I send her this TM. I have to live my life as though you are no longer in it. Only you can decide if you want to stay, or leave. But i will not wait around for you to make that decision. Im not sure what you are trying to gain by starting this discussion. If you make her decide today, she isnt going to choose you. So, fine, if you want to have this conversation, do it. But she isnt going to pick you. As for the content, show her with ACTIONS not WORDS. Having the interview was great. Why not just tell her that you are trying to do something you want, something that you think will be good for you. Why turn it into this grand "I dont need you" speech?
She replies - I am trying , but you cannot see past my new friendships that i've created, sometimes its good to do things apart, regardless if its male or female friends. Thats where trust comes in.
I reply - New friendships are good. Bad friends are not. You have not shown me that I can trust you. Do you think that going out until 3am with strange men is building trust? If you do then you will never build trust with me. Show me action, show me trust. Im not going to say that this friend(s) is good. But it isnt your job to call them "bad". How about you validate that you like that she goes out. That you think it's important for you each to have a life. Focus on words like "balance" and "appropriate". Can you instead focus on your feelings. Instead of "you show me I cant trust you", say "I feel like it is difficult to trust you." Theres no arguing with that. Your statements are all about HER ACTIONS, not YOUR FEELINGS.
She replies - You want us to go back to where we were? I sit at home and be the good wife and do everything you say? I thought we gonna leave that people in the past but clearly not gonna and it takes two people to make it work...
I reply - No i don't want to go back to us before. I want us to make things work. But we cannot work if we are not together, if the one is out and the other is at home. So let's stay together at home and try to make things work. We stick together. After we can actually be together, then we can start going out again. Right now, its getting us nowhere. If you are willing to make us work then you will remove all distraction. You will leave your phone by the door when you get home, no chatting to anyone. I will do the same. We can check the phones before we go sleep. If your M is important to you, then you can easily do this. I can. So the only way you can trust her is if she comes home and shuts the world out every single night? Come on. You have to see this as ridiculous, right?
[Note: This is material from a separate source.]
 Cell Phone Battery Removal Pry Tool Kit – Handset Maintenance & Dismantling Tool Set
She replies - I really don't know what i want to be honest with you and this is probably going to bite me but in the beginning of our R I gave you time to make up your mind and the freedom. Yes, things have changed alot. I have changed.
(I only decided 10 months in that I was going to make her my GF, I never saw anyone else in that time. Was always looking out of the corner of my eye though).
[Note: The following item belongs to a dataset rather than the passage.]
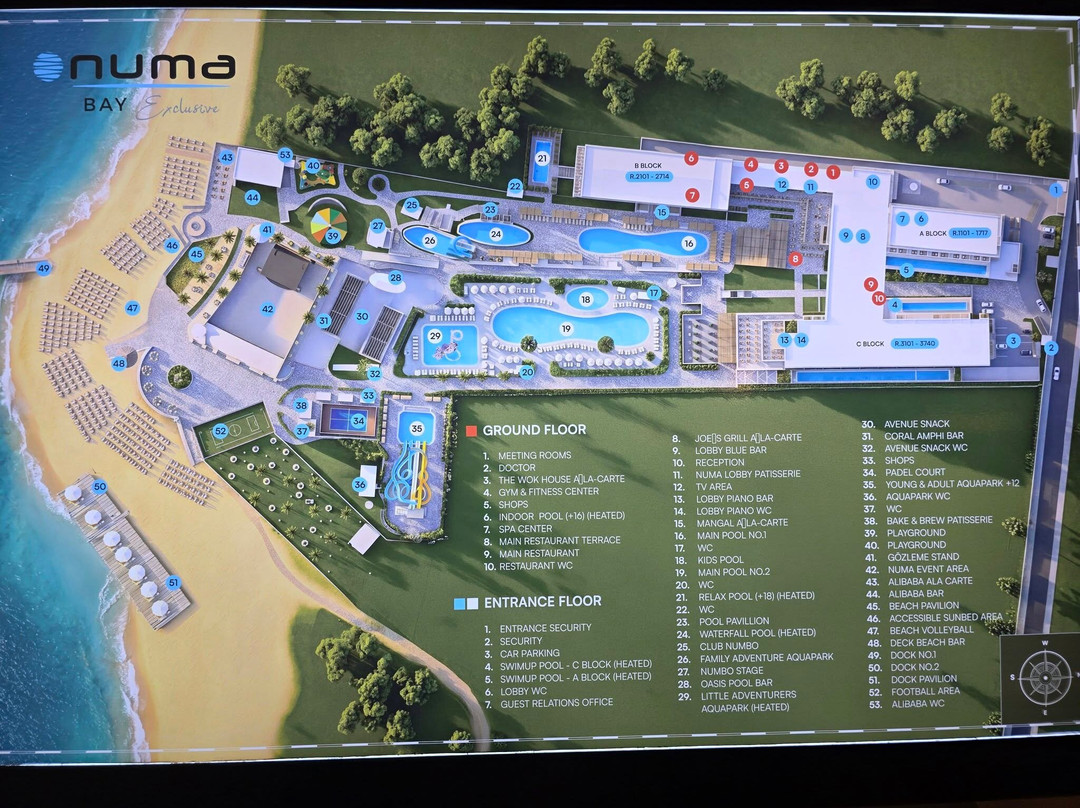Numa Bay Exclusive Hotel - Ultra All Inclusive主图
And I need time to myself and for myself to find out what i really want cos right now i don't know. I have to see my future and currently I can't cos I am being pulled into so many directions.
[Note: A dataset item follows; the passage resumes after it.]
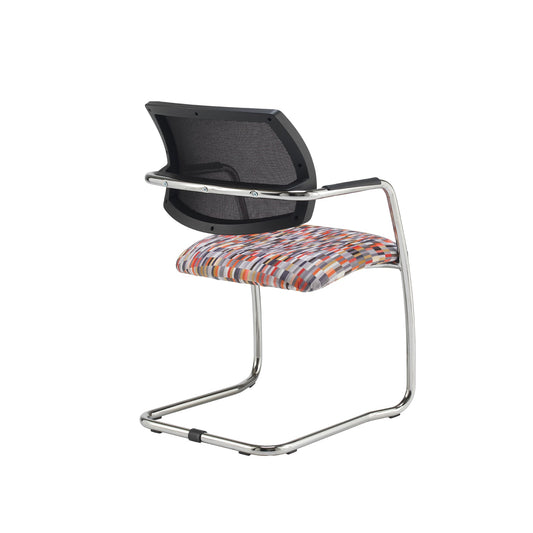 Cantilever - Mesh Back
I reply - Then you want a separation and a divorce. You want to taste the fruits hanging from the tree. I cannot be married to someone like that. I would like you to leave and find yourself with yourself. I do not want to be a part of your life or that type of life that you are asking for. You will thank me one day, but i cannot walk your journey with you. NO. She wants time and space to figure this out. As we've said all along, she wants to not be your sole focus. I agree with you that there should be boundaries of what you will and should accept. But if you want to be married, then this is not the way to enforce those.
DDJ - I hope that you can take a step back and stop focusing on her. This entire set of texts is all about her. Nowhere did you talk about your feelings. Nowhere did you validate/empathize. You say you only want to be married if she is XYZ. She isnt like that right now. So you can either divorce her or give her the time and space to become XYZ.